Filter the material below down to the lines containing the word "Mercedes".
== Source data ==
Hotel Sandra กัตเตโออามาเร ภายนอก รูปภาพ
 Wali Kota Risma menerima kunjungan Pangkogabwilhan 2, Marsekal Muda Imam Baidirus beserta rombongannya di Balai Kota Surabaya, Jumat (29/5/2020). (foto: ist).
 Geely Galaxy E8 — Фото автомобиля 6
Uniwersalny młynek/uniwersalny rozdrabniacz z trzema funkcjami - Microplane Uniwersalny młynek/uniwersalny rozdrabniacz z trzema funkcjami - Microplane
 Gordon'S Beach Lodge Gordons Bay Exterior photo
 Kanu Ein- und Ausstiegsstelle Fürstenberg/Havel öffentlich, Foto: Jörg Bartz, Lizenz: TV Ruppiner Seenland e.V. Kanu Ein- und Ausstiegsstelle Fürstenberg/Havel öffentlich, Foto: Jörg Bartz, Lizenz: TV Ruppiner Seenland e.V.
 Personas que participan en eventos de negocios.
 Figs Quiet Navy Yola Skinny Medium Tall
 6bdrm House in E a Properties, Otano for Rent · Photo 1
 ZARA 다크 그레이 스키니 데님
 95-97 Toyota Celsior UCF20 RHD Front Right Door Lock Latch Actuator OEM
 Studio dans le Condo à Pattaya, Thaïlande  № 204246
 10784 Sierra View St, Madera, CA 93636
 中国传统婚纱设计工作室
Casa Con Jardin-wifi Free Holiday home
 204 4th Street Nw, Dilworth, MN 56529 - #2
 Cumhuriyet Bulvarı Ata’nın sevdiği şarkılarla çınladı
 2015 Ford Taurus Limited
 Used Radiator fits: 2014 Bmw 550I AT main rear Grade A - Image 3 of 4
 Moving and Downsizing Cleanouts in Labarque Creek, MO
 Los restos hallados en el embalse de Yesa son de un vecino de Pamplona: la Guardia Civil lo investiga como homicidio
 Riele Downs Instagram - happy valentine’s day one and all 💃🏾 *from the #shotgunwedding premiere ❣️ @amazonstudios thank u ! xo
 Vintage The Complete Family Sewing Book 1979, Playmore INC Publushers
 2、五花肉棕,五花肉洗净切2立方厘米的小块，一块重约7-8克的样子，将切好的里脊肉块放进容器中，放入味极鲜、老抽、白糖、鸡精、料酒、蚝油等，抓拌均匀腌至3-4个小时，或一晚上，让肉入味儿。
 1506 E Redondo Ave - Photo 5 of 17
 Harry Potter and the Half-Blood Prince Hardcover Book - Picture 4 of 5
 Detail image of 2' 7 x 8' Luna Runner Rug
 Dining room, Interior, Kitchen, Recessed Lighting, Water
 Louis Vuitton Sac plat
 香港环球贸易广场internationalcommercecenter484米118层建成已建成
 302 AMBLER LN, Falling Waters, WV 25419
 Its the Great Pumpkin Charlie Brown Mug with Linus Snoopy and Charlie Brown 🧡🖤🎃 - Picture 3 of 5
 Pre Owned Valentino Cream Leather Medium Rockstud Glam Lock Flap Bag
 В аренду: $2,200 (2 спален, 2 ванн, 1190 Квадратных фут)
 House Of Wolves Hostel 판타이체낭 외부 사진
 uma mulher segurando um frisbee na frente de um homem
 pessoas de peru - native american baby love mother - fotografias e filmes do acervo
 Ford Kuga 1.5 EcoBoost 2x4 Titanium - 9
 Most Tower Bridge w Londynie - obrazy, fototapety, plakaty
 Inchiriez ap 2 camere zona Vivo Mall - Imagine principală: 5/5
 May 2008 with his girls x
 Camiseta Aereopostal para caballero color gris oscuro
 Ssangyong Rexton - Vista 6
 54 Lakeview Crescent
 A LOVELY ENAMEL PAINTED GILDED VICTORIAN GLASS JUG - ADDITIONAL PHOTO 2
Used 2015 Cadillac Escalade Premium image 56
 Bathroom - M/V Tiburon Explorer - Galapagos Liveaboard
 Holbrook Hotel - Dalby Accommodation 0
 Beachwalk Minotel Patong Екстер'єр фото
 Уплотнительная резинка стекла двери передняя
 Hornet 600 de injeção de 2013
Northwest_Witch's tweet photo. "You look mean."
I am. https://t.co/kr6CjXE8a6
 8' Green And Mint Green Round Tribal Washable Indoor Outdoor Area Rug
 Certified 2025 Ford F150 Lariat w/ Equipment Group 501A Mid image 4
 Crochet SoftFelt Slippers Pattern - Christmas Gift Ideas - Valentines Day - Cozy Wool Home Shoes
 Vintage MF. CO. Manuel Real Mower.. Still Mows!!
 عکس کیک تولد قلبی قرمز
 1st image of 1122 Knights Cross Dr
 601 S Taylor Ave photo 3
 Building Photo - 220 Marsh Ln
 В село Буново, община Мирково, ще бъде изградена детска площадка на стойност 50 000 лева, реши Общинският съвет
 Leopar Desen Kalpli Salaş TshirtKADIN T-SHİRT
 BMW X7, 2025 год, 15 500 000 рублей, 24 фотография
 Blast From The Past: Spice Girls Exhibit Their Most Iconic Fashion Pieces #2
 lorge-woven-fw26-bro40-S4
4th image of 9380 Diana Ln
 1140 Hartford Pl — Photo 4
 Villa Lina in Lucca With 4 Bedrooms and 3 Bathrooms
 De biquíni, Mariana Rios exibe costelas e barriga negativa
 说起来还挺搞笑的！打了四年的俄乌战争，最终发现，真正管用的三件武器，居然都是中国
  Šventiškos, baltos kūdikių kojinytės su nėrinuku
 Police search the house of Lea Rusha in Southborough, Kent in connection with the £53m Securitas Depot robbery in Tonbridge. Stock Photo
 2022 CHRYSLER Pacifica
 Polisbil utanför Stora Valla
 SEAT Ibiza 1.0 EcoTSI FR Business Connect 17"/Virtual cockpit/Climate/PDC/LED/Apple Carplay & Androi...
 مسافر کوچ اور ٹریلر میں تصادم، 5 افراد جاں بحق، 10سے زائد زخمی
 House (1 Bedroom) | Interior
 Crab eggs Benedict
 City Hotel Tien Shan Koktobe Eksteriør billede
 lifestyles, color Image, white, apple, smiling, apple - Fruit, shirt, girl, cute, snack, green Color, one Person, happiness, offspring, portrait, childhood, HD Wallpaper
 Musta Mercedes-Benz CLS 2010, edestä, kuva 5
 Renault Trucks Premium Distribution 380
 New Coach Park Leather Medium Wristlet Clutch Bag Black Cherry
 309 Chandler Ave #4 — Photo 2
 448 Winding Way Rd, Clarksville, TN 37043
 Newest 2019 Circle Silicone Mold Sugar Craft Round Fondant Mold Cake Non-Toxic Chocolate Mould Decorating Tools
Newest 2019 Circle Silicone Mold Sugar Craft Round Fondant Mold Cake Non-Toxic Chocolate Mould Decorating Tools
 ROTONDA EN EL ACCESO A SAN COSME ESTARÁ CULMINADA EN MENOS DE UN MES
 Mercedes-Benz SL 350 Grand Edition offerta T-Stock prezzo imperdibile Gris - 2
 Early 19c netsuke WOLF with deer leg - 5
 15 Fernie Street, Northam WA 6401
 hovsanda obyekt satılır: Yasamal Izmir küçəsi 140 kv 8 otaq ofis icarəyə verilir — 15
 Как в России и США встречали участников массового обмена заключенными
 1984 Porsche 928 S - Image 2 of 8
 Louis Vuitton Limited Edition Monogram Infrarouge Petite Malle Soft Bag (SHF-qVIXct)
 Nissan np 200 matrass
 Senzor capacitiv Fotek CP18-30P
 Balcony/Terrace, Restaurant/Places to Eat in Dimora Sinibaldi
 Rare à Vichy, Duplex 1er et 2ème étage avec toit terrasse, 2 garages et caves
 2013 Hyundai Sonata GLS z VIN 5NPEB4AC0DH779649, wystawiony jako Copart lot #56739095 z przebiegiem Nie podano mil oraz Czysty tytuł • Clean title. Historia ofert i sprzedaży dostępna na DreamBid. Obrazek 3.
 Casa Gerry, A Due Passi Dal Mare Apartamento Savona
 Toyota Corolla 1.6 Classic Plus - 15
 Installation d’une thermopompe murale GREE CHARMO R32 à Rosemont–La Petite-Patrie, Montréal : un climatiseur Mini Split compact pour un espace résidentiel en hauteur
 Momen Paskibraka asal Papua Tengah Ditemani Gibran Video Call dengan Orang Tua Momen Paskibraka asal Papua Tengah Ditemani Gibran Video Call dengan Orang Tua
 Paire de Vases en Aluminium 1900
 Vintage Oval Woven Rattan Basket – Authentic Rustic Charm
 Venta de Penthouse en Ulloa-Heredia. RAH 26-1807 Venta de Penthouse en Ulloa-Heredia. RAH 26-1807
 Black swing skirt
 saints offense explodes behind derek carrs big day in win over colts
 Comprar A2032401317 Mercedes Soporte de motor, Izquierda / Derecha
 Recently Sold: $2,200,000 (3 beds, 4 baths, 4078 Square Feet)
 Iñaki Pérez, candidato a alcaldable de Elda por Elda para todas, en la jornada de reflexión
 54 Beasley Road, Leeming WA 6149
===
--- Written response ---
 Musta Mercedes-Benz CLS 2010, edestä, kuva 5
 Mercedes-Benz SL 350 Grand Edition offerta T-Stock prezzo imperdibile Gris - 2
 Comprar A2032401317 Mercedes Soporte de motor, Izquierda / Derecha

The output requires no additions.